Una poesia quindi, in quanto manifestazione dello spirito, dice e ri-dice, un’unica, medesima cosa. Quella cosa è il tempo, ossia la consapevolezza dell’Existenz di esser-ci. C’è stupore, meraviglia per il fatto che la vita sia, che vi sia vita, che vi sia "è". Il poeta è colui il quale riesce a riportare nel linguaggio dei segni il "senso" di quell’è. Ciò avviene anche nel caso della pittura, della scultura, della musica: nell’arte in generale, anche se qui l’emozione patita dalla soggettività è "trascritta" nel mondo, e quindi resa mondana, mediante strumenti diversi rispetto alla parola: colori, ombre, suoni…

Un poeta infatti non modella lo spazio in un corpo, egli "gestisce" la parola nella scansione spazio-temporale. Un poeta non dipinge una tela, egli mediante la parola dipinge un’immagine della vita. Un poeta, ancora, non suona dei suoni, bensì, mediante la parola, egli canta la bellezza e la tragicità dell’ex-sistere. Nella "parola poetata" di un poeta si concentrano dunque in armonica unità immagini, vibrazioni, forme, si ritrovano fusi e con-fusi in un "gioco" di parole e di silenzi le tracce di una totalità affettiva.

Proprio in quest’ambito, nell’ambito cioè di una poesia "pura", intesa come esteriorizzazione di un vissuto, si inserisce l’esperienza poetica di Fabrizio De André, cantautore genovese contemporaneo.

De André come poeta del dolore e del sacro. De André come poeta della vita, poeta della poesia, di una poesia mai risolta in una mera descrizione di un accaduto, bensì costantemente attenta all’evoluzione psicologica ed empatica dei singoli personaggi cantati.

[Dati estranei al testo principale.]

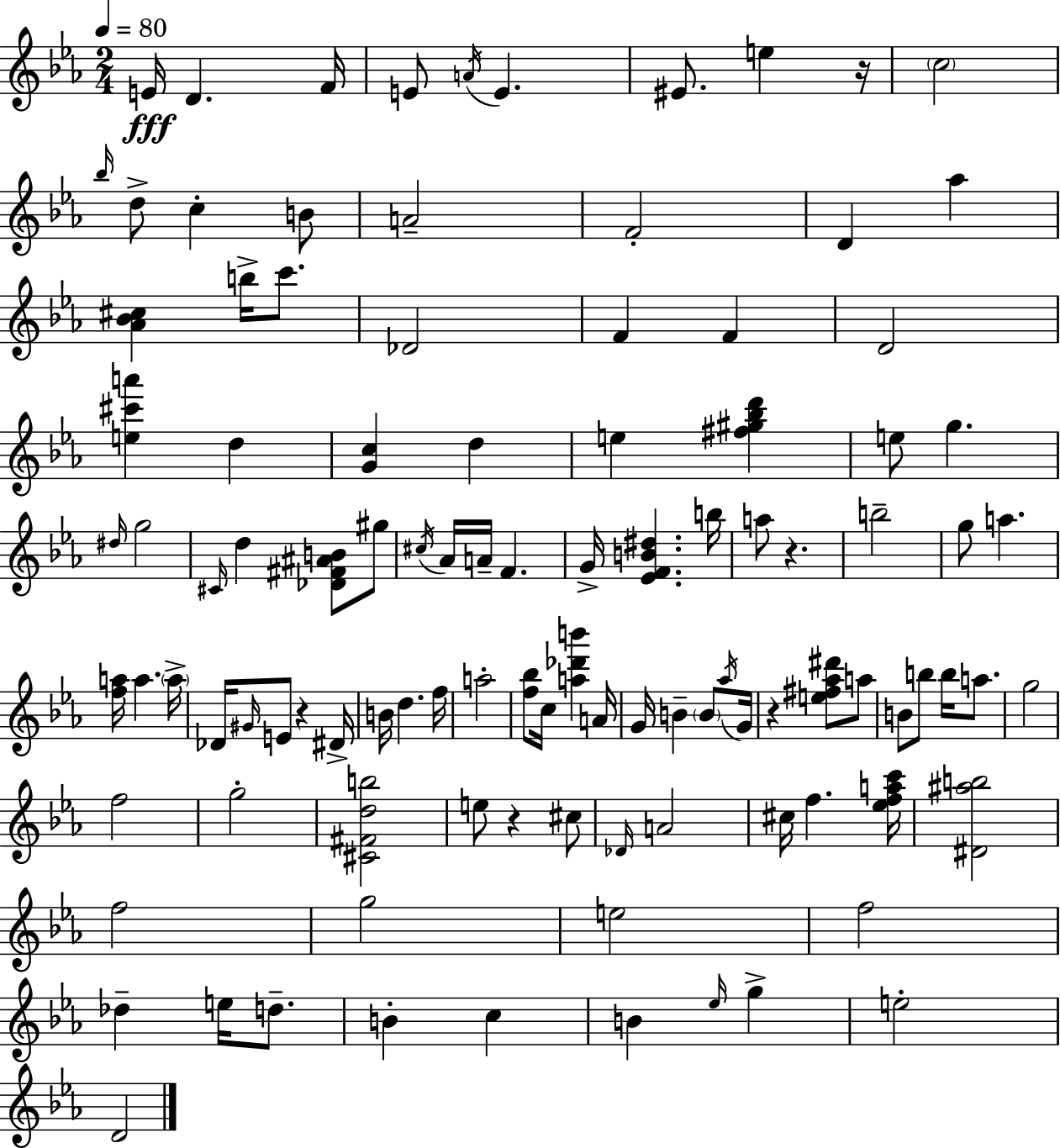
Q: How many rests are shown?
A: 5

Si susseguono, all’interno di quest’iter poetico, storie di uomini e donne emarginati, delusi, sconfitti da una vita "improvvisa" che alla dimensione dei ricordi affianca sempre anche quella dei rimpianti (1). Si susseguono in un "vortice" di rappresentazioni, amori mai realizzati, sguardi accennati, desideri inespressi, lasciati affievolire nel fondo della solitudine e della memoria(2). Si susseguono tra le critiche ai "benpensanti" borghesi, distratti dalle frenesie quotidiane, le vicende di piccoli "eroi" (prostitute, rom) esclusi dai giochi di potere, e dunque relegati ai margini di una società troppo dura e troppo complessa per essere compresa (3).

Il mondo descritto, cantato dal De André è un mondo caratterizzato da fratture profonde, da contrasti irrisolti, da scissioni laceranti. Un mondo propriamente umano, ove nell’assenza di Dio, dominano sentimenti di disperazione e di dispersione esistenziale:

"…chi

e perché mi ha messo al mondo

dove vivo la mia morte

con anticipo tremendo?

Come potrò dire a mia madre che ho paura?". (4)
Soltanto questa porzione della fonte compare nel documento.